LONDON — While progress is being made on renewable energy, most clean energy technologies are not being deployed very quickly, according to a report from the International Energy Agency (IEA).

The report, Tracking Clean Energy Progress, highlights the rapid progress made in some renewable technologies, notably the solar photovoltaic (PV) panels installed by households and businesses and onshore wind technologies. In fact, onshore wind has seen 27 percent average annual growth over the past decade, and solar PV has grown at 42 percent, albeit from a small base. Even more impressive is the 75 percent reduction in system costs for solar PV in as little as three years in some countries. This serves as evidence that rapid technology change is possible, stated IEA.

The report notes that many technologies with great potential for energy and emissions savings are making halting progress at best. IEA said significant untapped energy-efficiency potential remains in the building and industry sectors.
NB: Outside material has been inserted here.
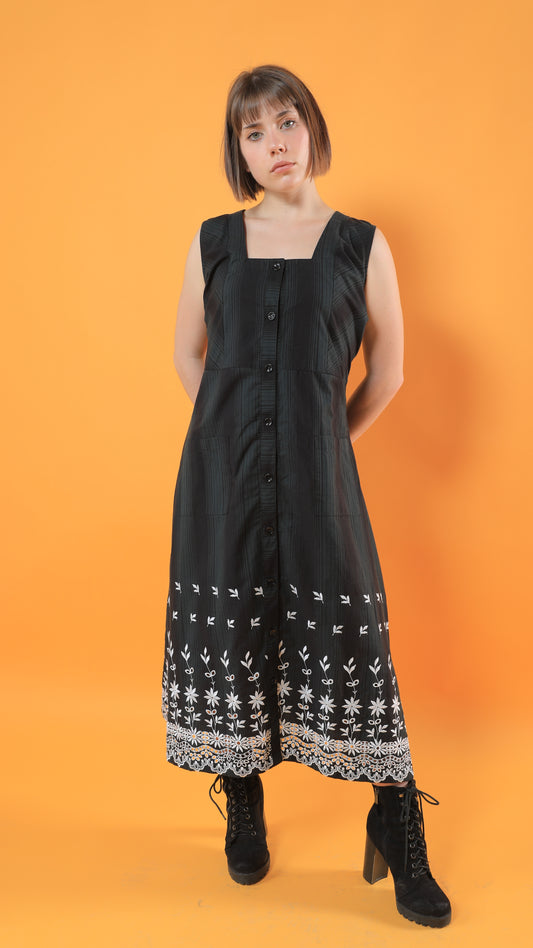 Sara Embroidered cotton Linen  Dress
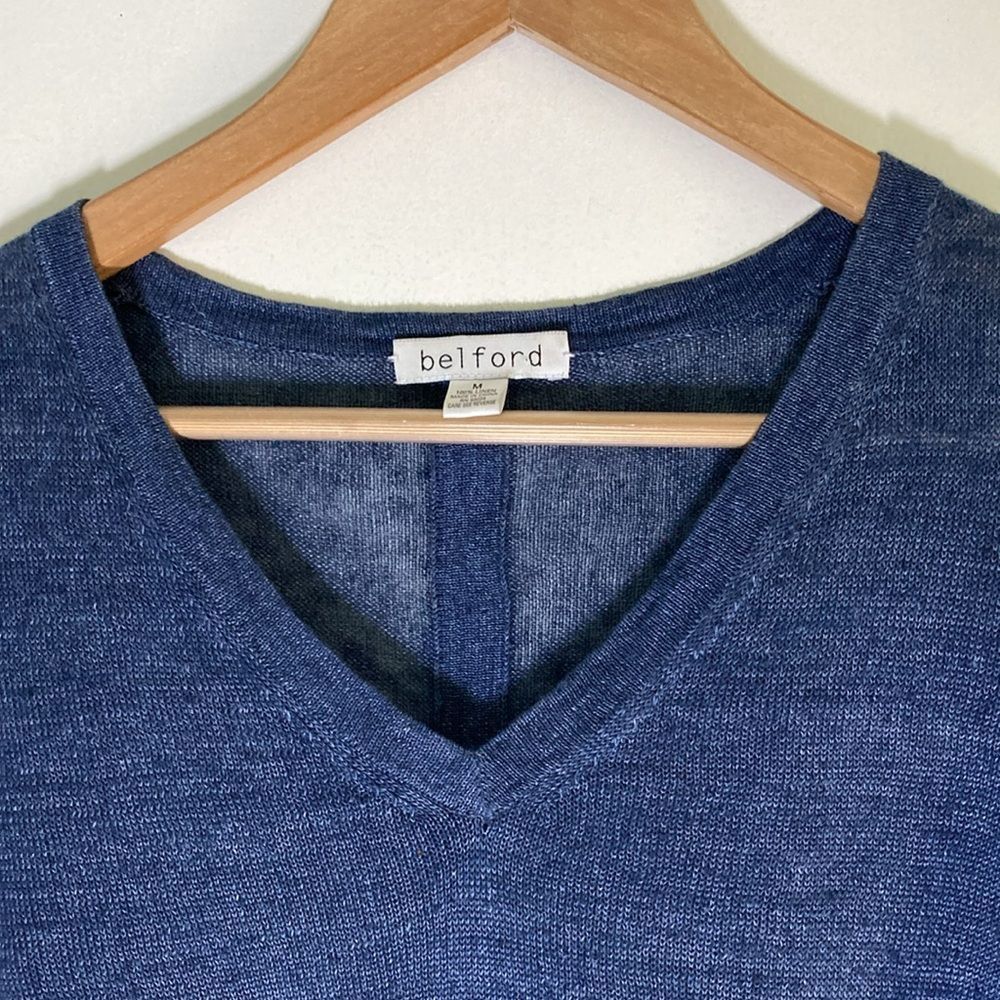 Wolford Belford Womens Size M Blue Knit Linen Pullover V-Neck Sweate Size M / US 6-8 / IT 42-44 - 5 Thumbnail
“We have a responsibility and a golden opportunity to act,” said IEA Deputy Executive Director Ambassador Richard H Jones. “Energy-related CO2 emissions are at historic highs; under current policies, we estimate that energy use and CO2 emissions would increase by a third by 2020, and almost double by 2050.”

One policy recommendation that the agency offers is to unlock the potential of energy efficiency, which it calls the “hidden fuel” of the future. Making sure that energy is not wasted and that it is used in the best possible way is the most cost-effective action, said IEA, and must be the first step of any policy aimed at building a sustainable energy mix.